Привычка применять к социологическим предметам формы философского мышления настолько укоренилась, что в этом предварительном определении часто усматривают нечто вроде философии социального факта. Утверждалось, что мы объясняем социальные явления принуждением, как Тард объясняет их подражанием[11]. Мы не лелеем таких устремлений, и нам даже не приходило на ум, что кто-то припишет нам подобное, – ведь такие устремления прямо противоречат всякому методу. Мы предложили не предвосхищение выводов науки через философский взгляд, а лишь определение того, по каким внешним признакам возможно опознавать подлежащие научному изучению факты, чтобы социальный исследователь мог замечать их там, где они имеются, и не смешивал их с другими фактами. Мы пытались ограничить поле исследования настолько, насколько возможно, и не искали способа для философии и социологии слиться в некоем всеохватывающем предчувствии. Поэтому мы охотно соглашаемся с упреком, что это определение не отражает всех признаков социального факта и, следовательно, не является единственно возможным. Действительно, нет ничего немыслимого в том, чтобы характеризовать факт самыми различными способами, так как нет никаких оснований видеть у него всего одно отличительное свойство[12]. Зато крайне важно выбирать те свойства, которые как будто лучше прочих подходят для поставленной цели. Вполне возможно даже одновременное использование нескольких критериев соответственно обстоятельствам. Мы сами признавали такой подход необходимым порой в социологии. Поскольку речь идет о предварительном определении, требуется только, чтобы используемые характеристики были непосредственно различимы и могли быть замечены до начала исследования. Но именно этому условию не соответствуют определения, которые иногда противопоставлялись нашему. Утверждалось, например, что к социальным фактам относится «все, что производится в обществе и обществом», или «все, что заботит группу и воздействует на нее». Но нельзя заключать, является или нет общество причиной факта, или заявлять, что этот факт имеет социальные последствия, до тех пор пока научное исследование не продвинулось достаточно далеко. Подобные определения поэтому не годятся для исходного обозначения объекта исследования. Для того чтобы ими можно было воспользоваться, потребуется уже приступить к изучению социальных фактов – чтобы, следовательно, уже имелись некие другие, ранее найденные средства их распознавания.
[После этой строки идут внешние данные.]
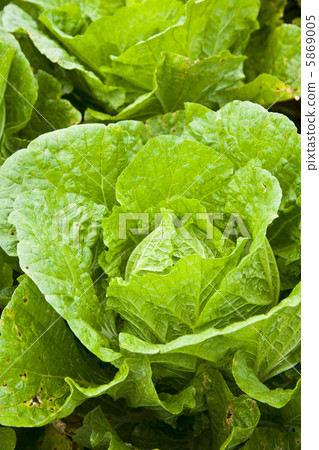 農民的白菜 5869005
Итак, наше определение сочли слишком узким, но в то же время нас обвинили в том, что оно слишком широкое и охватывает почти всю реальность. Вообще-то утверждалось, что всякая физическая среда подвергает принуждению всех, кто испытывает ее воздействие, ведь эти существа вынуждены в определенной мере к ней адаптироваться. Но указанные два вида принуждения различаются столь же радикально, как среда физическая и среда нравственная. Давление, оказываемое одним или несколькими телами на другие тела или даже на чужую волю, нельзя смешивать с давлением, которое сознание группы оказывает на сознания ее членов. Особенность социального принуждения состоит в том, что оно проистекает вовсе не из неподатливости каких-то сочетаний молекул, а из престижа, которым наделяются те или иные представления. Правда, приобретенные или унаследованные привычки в некоторых отношениях обладают теми же свойствами. Они господствуют над нами, навязывают нам убеждения и практики. Но они господствуют над нами изнутри, так как целиком заключены в каждом из нас. Напротив, социальные убеждения и практики воздействуют на нас извне; поэтому влияние, оказываемое теми и другими, является принципиально различным.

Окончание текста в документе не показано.